La música electrónica de baile ha sido uno de los grandes atractivos turísticos de Berlín
Hasta que la fiesta se acaba. El miércoles 1 de enero, el Watergate, una de las discotecas más conocidas de la ciudad, celebró la entrada del año nuevo con una fiesta que duró 35 horas. La última antes de cerrar. “Los días en que Berlín se llenaba de amantes de los clubes se han acabado” decía un comunicado de la empresa.
Esta semana, Financial Times recogía en portada el fenómeno de la decadencia de la música de baile nocturna en las grandes ciudades. La pandemia de covid, explicaba, dejó al sector muy tocado. Los potenciales clientes se acuestan antes, hay una preocupación mayor por la salud y la generación de los que nacieron con el cambio de siglo se siente mucho más atraída por los festivales de música diurnos que por la noche. Han subido los costes de los locales y ha bajado el poder adquisitivo de los clientes.
En el caso de Berlín, el cierre de locales es una plaga que se arrastra desde hace cuatro años. Y se explica en parte por los cambios en una ciudad a la que ellos han contribuido a cambiar. En los 90, Berlín era una ciudad con una economía deprimida, de alquileres bajos y paro elevado (muchas de las fábricas del Este cerraron con la reunificación). Pero la fama de ciudad liberal, siempre de fiesta, atrajo a muchos jóvenes profesionales.

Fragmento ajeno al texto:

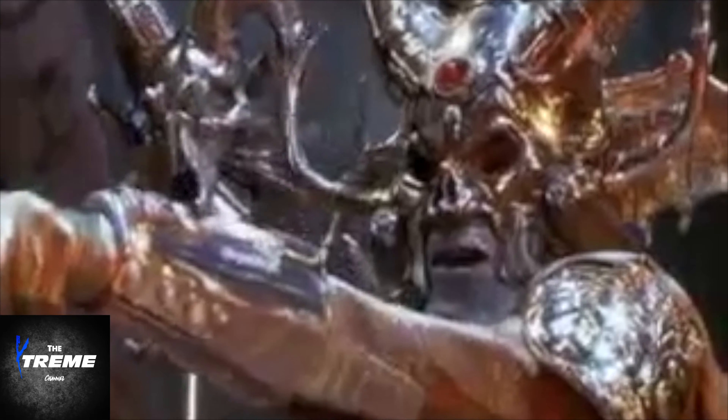Mr. X with the Xtreme channel with another sell-off review. If you know what that is, you can fast forward through the intro. If you don't know what that is, it's a piece that I've had for a while but I'm selling off to make room, so before I sell them off, I am reviewing them.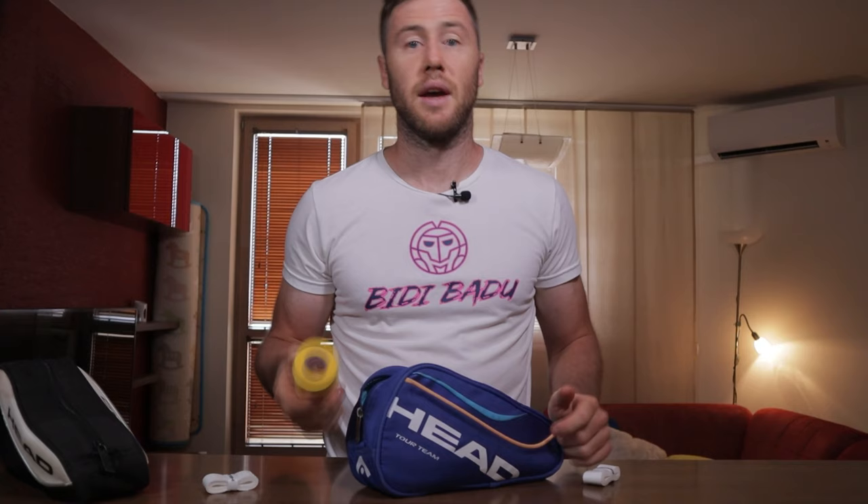Grips. Yeah, I know — boring. I prefer white ones. The ones on clay look terrible after 15 minutes, but as I'm mostly a hardcore player it's fine for me. I prefer them to be a bit sticky, not that torn grip style. How often do I change them? I put a new one for every match. As for practice, it can vary from one practice to one month. No rules there.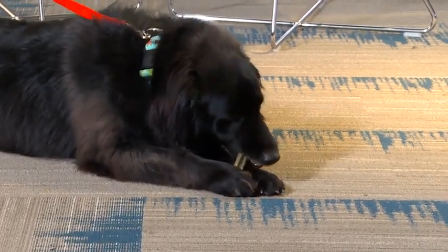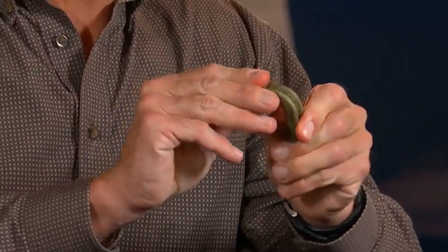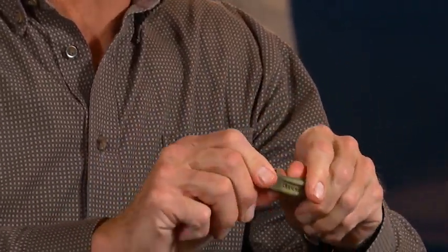Dental treats or dental chews work with mechanical action similar to how your toothbrush works, where it will scrape the surface of the tooth and help brush away plaque and tartar that can accumulate and lead to more serious problems. As a veterinarian, I look for a product that has a flexible, chewy texture that's going to allow a dog's teeth to sink in up to the gum line — it's going to lead to a lot better oral health for your pet.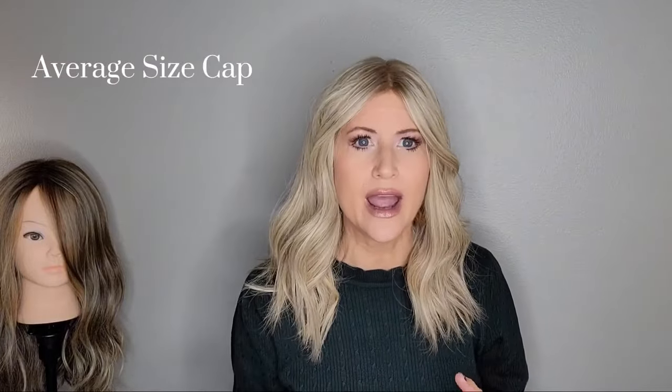The cap on this is an average size cap. On the website it says 22 inches. I am 21 and a half inches and this fits me great — I don't have any issues at all with fit. I am using the adjusters at the nape, which I will show you.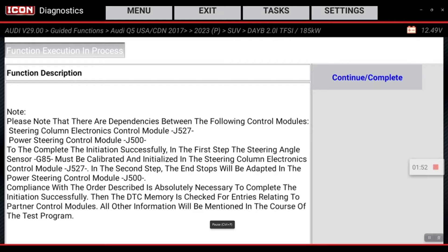We're going to hit okay. It's basically telling you that you need to perform the steering angle sensor recalibration first, and then you can perform this function — which we have. So we'll hit continue complete.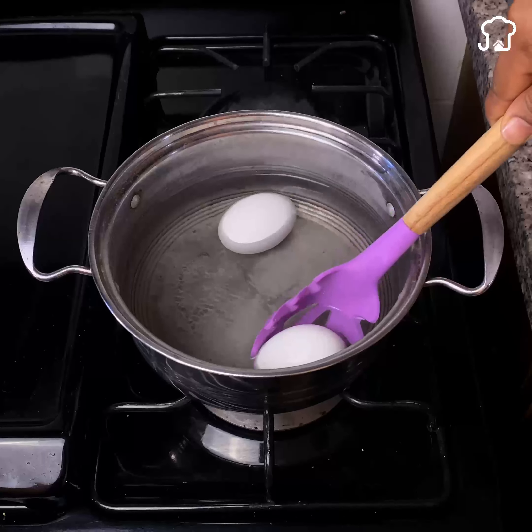Do it and I assure you that you will love it. If you watched this far, leave me the phrase 'so I will peel the eggs' so I know that you watched the whole video.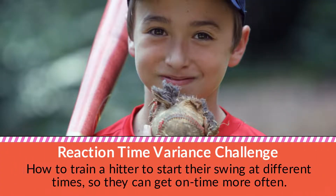Reaction Time Variance Challenge: how to train a hitter to start their swing at different times so they can get on time more often.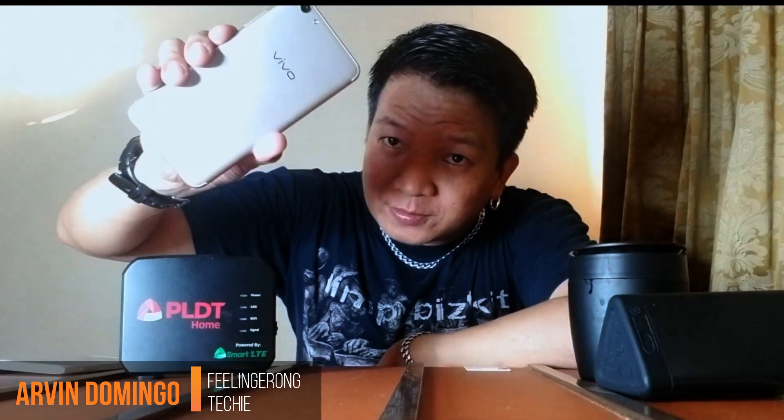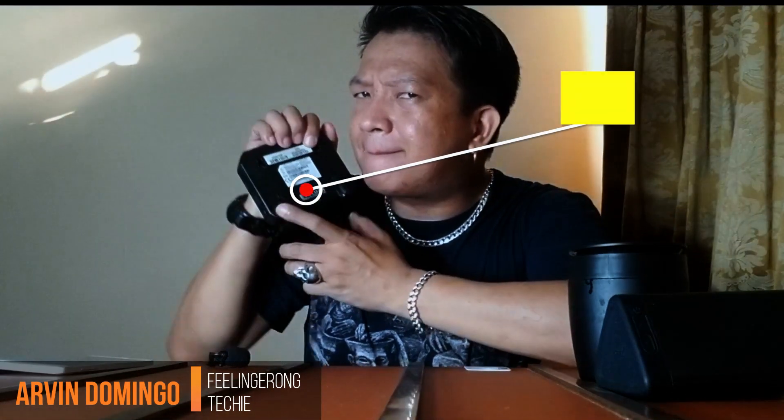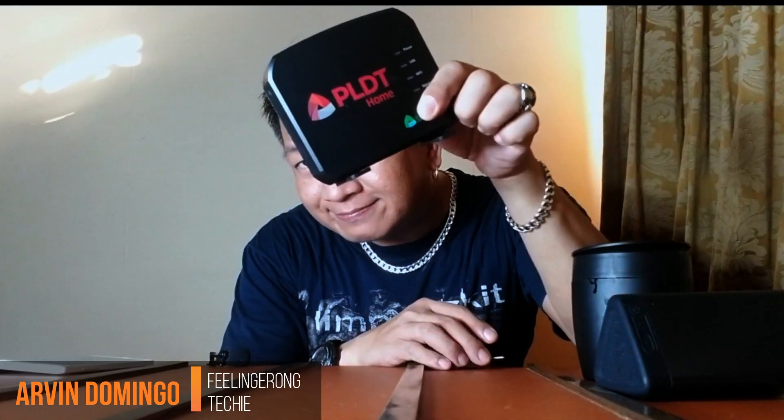Hey guys, what's up — Arvin here. Today in this video I'm going to show you how you can use your mobile phone to unlock the PLDT Smart Home LTE so that you can use any SIM card and any network of your choice in this device, including the famous GOMO SIM card. Watch this video.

Para la emergente economía digital aquello fue una bendición.
La música de baile nocturna vive una crisis en todas las grandes ciudades
El giro se produjo después de la crisis financiera del 2008. El sector tecnológico empezó a crear buenos empleos y bien pagados (ahora son 140.000). Hoy ha sustituido al turismo como motor de la ciudad y ha disparado los precios del sector inmobiliario. Lo que luce en la noche berlinesa son las sedes de Zalando o de Amazon. No las de los clubes. La fiesta, ese momento libérrimo en el que pareció que el tiempo se disolvía, ha pasado a la historia. Nunca mejor dicho.